Source data
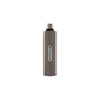 Transcende Transcende TS1TESD330C ESD330C SSD externe, 1 To, USB 10 Gbps, Type-C, 1050 Mo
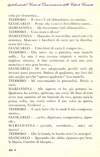 42 - pag. 44 Picture 43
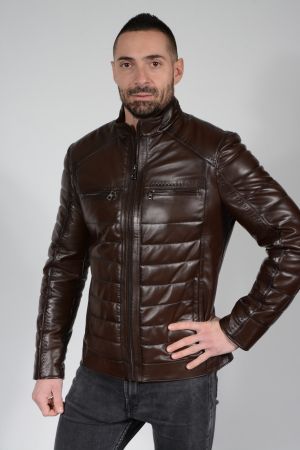 Men's jacket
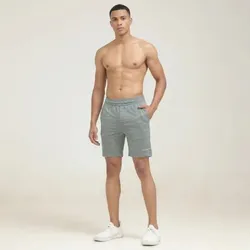 SHOP_BY_CATEGORY_SHORTS__Brham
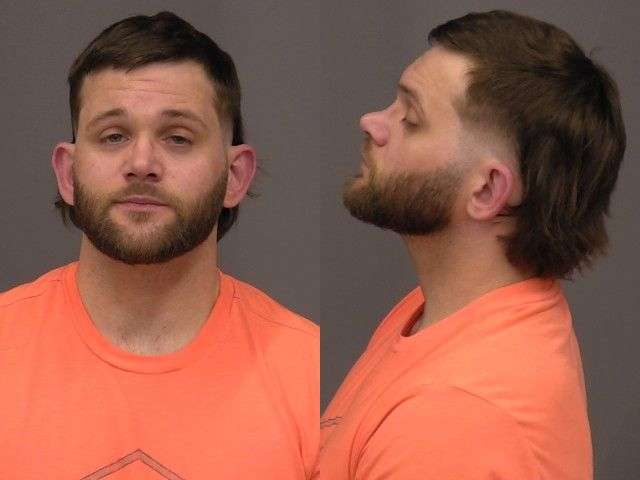 Howard,Stephen Jacob (28)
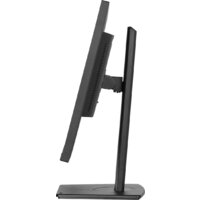 Монитор Iiyama ProLite XUB2797QSU-B1 - Изображение №8 — Chaika Market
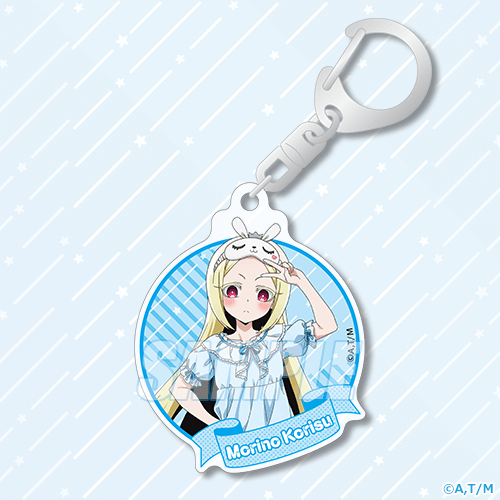 ���@�����ɂ�������� moca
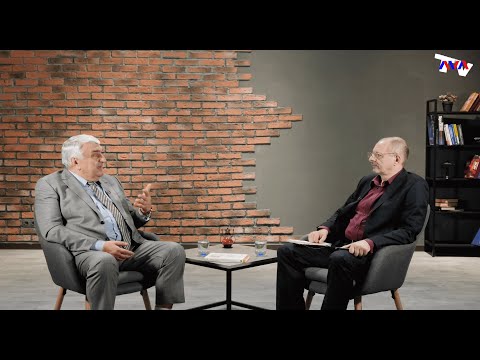 Кишинев. Вчера и сегодня. Управление с душой или управление прагматиков. Часть 2.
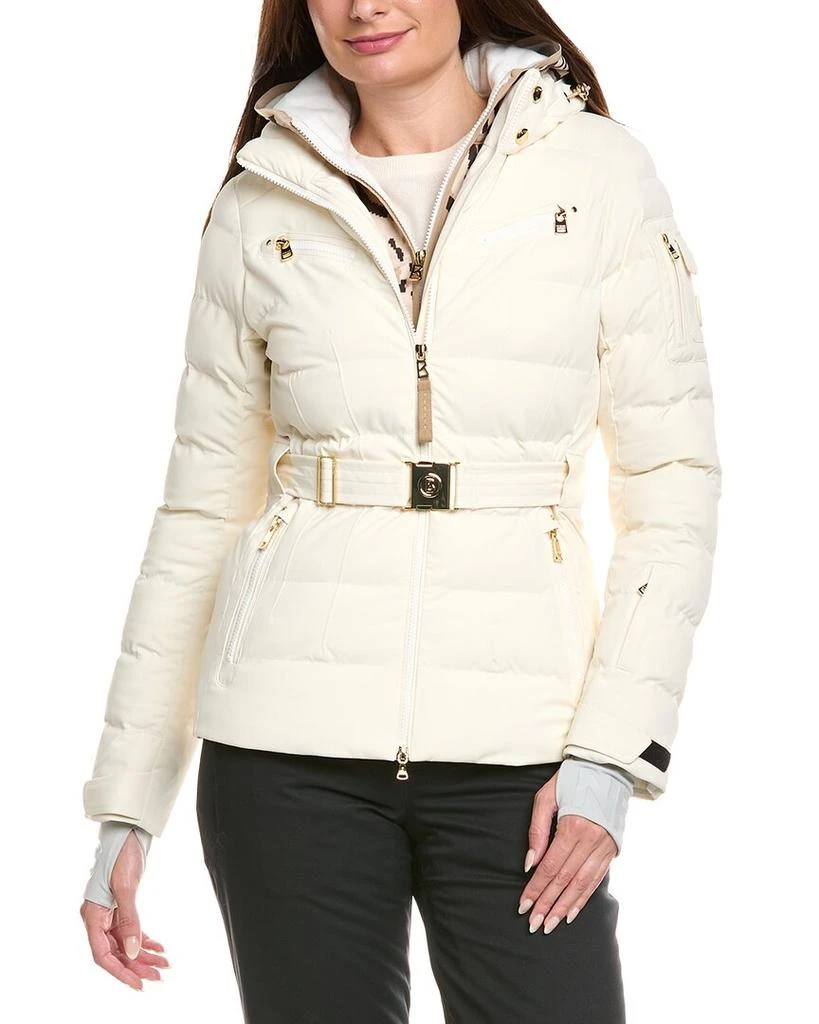 Bogner Ellya1-T Jacket 1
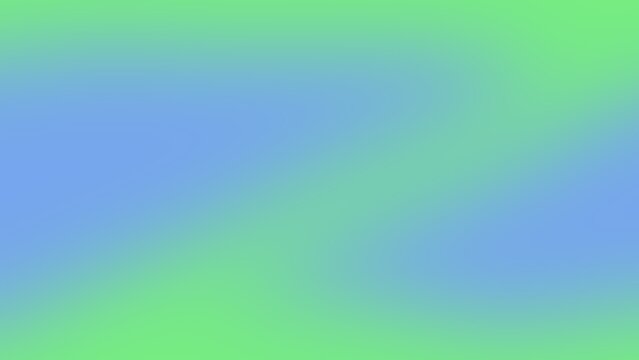Background gradiente 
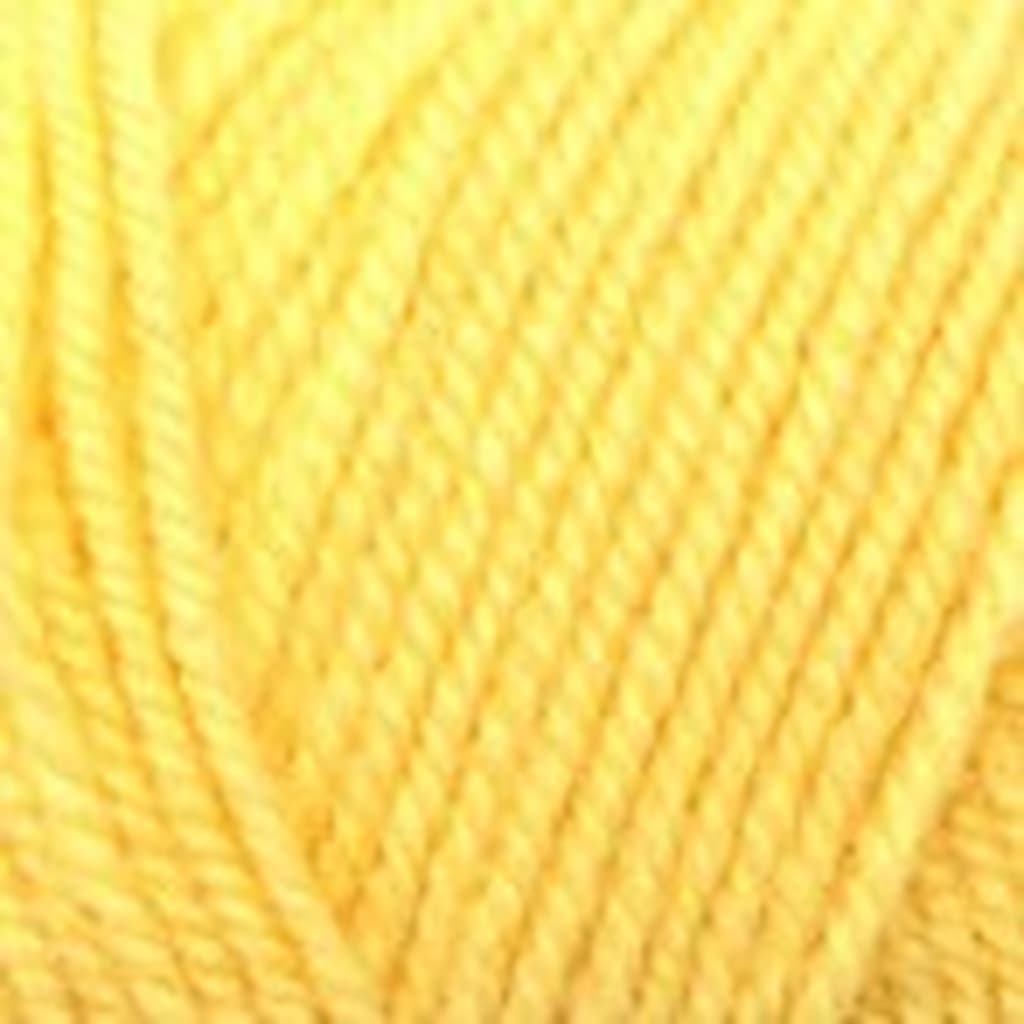 Plymouth Encore Yarn - Paradise Fibers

* **Exercise requirements**:
Please transcribe all of the entries word for word, with the pictures left out.

* **Answer to this problem**:
 Transcende Transcende TS1TESD330C ESD330C SSD externe, 1 To, USB 10 Gbps, Type-C, 1050 Mo
 42 - pag. 44 Picture 43
 Men's jacket
 SHOP_BY_CATEGORY_SHORTS__Brham
 Howard,Stephen Jacob (28)
 Монитор Iiyama ProLite XUB2797QSU-B1 - Изображение №8 — Chaika Market
 ���@�����ɂ�������� moca
 Кишинев. Вчера и сегодня. Управление с душой или управление прагматиков. Часть 2.
 Bogner Ellya1-T Jacket 1
Background gradiente 
 Plymouth Encore Yarn - Paradise Fibers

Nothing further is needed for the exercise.